**EXERCISE REQUIREMENTS**
Any picture in the data below gets skipped; print all the rest exactly.

**PROVIDED INFORMATION**
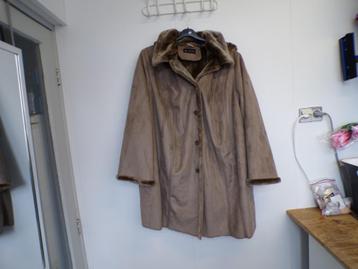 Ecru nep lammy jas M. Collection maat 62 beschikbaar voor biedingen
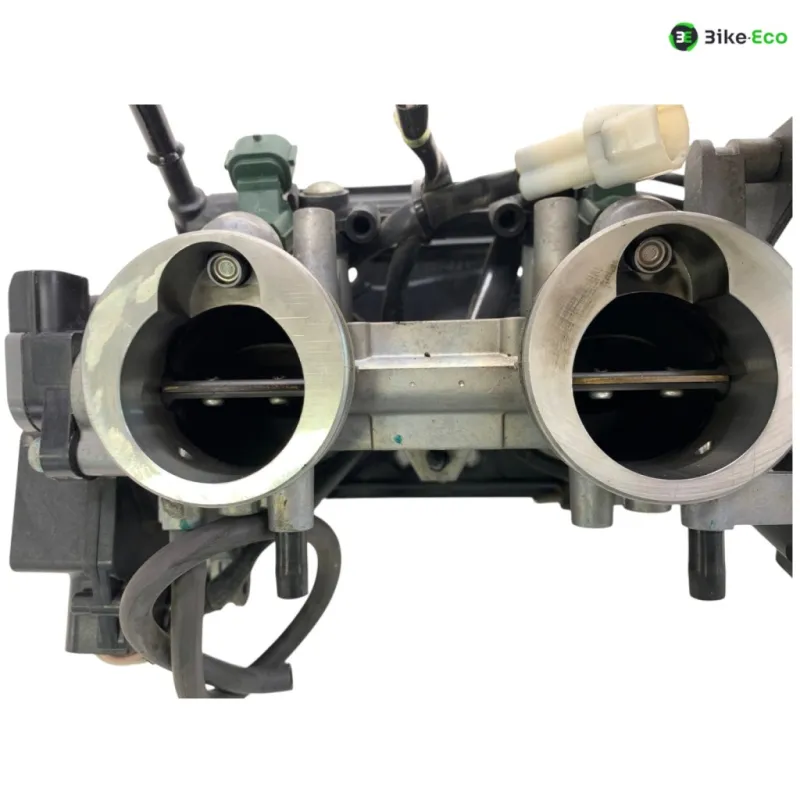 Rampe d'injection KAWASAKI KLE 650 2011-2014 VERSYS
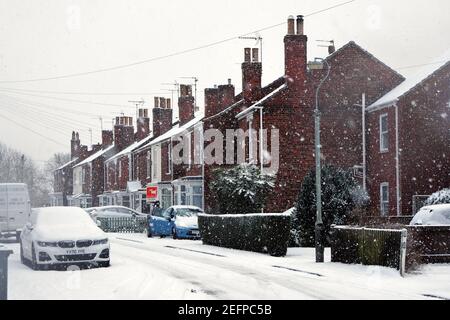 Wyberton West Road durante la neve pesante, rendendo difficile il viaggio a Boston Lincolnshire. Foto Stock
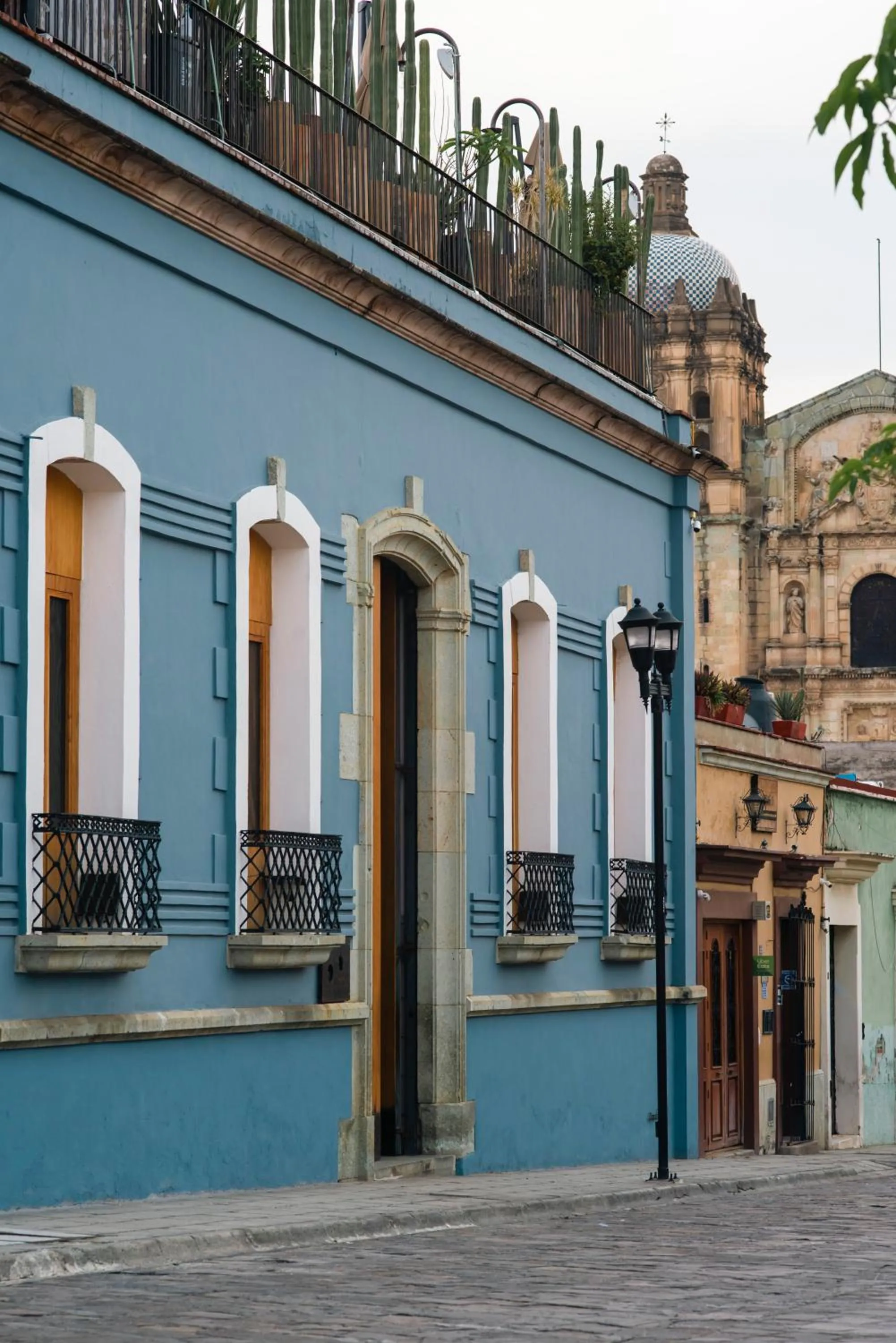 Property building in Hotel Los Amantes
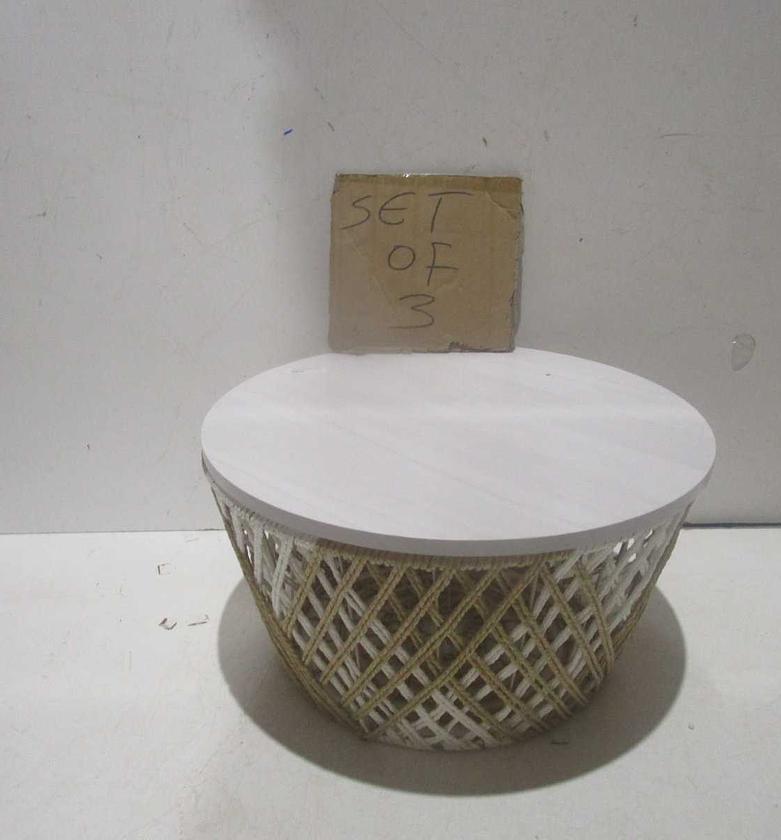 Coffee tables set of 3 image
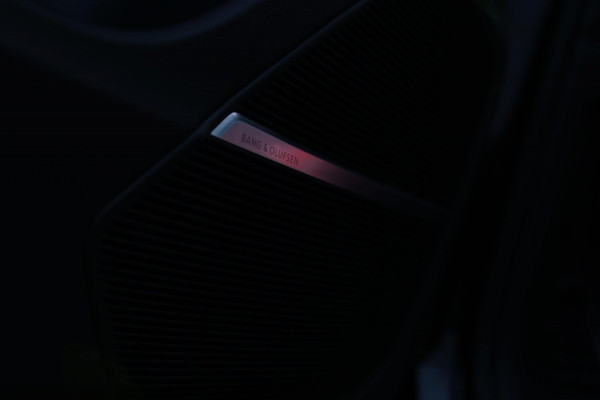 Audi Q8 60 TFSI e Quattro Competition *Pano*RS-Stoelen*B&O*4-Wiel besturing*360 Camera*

**SOLUTION**
 Ecru nep lammy jas M. Collection maat 62 beschikbaar voor biedingen
 Rampe d'injection KAWASAKI KLE 650 2011-2014 VERSYS
 Wyberton West Road durante la neve pesante, rendendo difficile il viaggio a Boston Lincolnshire. Foto Stock
 Property building in Hotel Los Amantes
 Coffee tables set of 3 image
 Audi Q8 60 TFSI e Quattro Competition *Pano*RS-Stoelen*B&O*4-Wiel besturing*360 Camera*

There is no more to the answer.